### Assignment
Could you repeat every record below exactly as written?

### Exercise data
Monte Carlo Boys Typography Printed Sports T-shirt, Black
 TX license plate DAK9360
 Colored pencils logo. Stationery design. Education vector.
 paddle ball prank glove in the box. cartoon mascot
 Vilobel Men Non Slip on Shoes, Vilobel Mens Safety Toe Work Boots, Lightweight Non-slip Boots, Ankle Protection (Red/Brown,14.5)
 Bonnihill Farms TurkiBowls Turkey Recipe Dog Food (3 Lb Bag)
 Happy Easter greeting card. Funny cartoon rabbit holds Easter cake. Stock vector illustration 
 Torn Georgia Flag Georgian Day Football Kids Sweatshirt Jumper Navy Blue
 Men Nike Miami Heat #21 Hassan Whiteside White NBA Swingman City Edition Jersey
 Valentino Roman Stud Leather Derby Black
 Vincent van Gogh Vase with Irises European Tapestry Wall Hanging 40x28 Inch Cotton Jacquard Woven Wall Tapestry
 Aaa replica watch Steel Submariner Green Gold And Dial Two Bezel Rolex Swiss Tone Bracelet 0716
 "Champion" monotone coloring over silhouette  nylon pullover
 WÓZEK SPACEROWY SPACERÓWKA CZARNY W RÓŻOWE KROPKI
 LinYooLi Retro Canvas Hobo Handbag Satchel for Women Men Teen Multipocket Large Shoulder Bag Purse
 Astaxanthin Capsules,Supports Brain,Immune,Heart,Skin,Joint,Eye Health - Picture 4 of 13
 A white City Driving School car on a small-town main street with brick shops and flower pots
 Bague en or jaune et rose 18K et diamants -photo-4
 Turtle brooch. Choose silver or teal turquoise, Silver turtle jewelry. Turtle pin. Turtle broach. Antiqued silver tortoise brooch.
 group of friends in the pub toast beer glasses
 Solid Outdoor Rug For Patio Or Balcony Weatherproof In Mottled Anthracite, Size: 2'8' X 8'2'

### Final answer
Monte Carlo Boys Typography Printed Sports T-shirt, Black
 TX license plate DAK9360
 Colored pencils logo. Stationery design. Education vector.
 paddle ball prank glove in the box. cartoon mascot
 Vilobel Men Non Slip on Shoes, Vilobel Mens Safety Toe Work Boots, Lightweight Non-slip Boots, Ankle Protection (Red/Brown,14.5)
 Bonnihill Farms TurkiBowls Turkey Recipe Dog Food (3 Lb Bag)
 Happy Easter greeting card. Funny cartoon rabbit holds Easter cake. Stock vector illustration 
 Torn Georgia Flag Georgian Day Football Kids Sweatshirt Jumper Navy Blue
 Men Nike Miami Heat #21 Hassan Whiteside White NBA Swingman City Edition Jersey
 Valentino Roman Stud Leather Derby Black
 Vincent van Gogh Vase with Irises European Tapestry Wall Hanging 40x28 Inch Cotton Jacquard Woven Wall Tapestry
 Aaa replica watch Steel Submariner Green Gold And Dial Two Bezel Rolex Swiss Tone Bracelet 0716
 "Champion" monotone coloring over silhouette  nylon pullover
 WÓZEK SPACEROWY SPACERÓWKA CZARNY W RÓŻOWE KROPKI
 LinYooLi Retro Canvas Hobo Handbag Satchel for Women Men Teen Multipocket Large Shoulder Bag Purse
 Astaxanthin Capsules,Supports Brain,Immune,Heart,Skin,Joint,Eye Health - Picture 4 of 13
 A white City Driving School car on a small-town main street with brick shops and flower pots
 Bague en or jaune et rose 18K et diamants -photo-4
 Turtle brooch. Choose silver or teal turquoise, Silver turtle jewelry. Turtle pin. Turtle broach. Antiqued silver tortoise brooch.
 group of friends in the pub toast beer glasses
 Solid Outdoor Rug For Patio Or Balcony Weatherproof In Mottled Anthracite, Size: 2'8' X 8'2'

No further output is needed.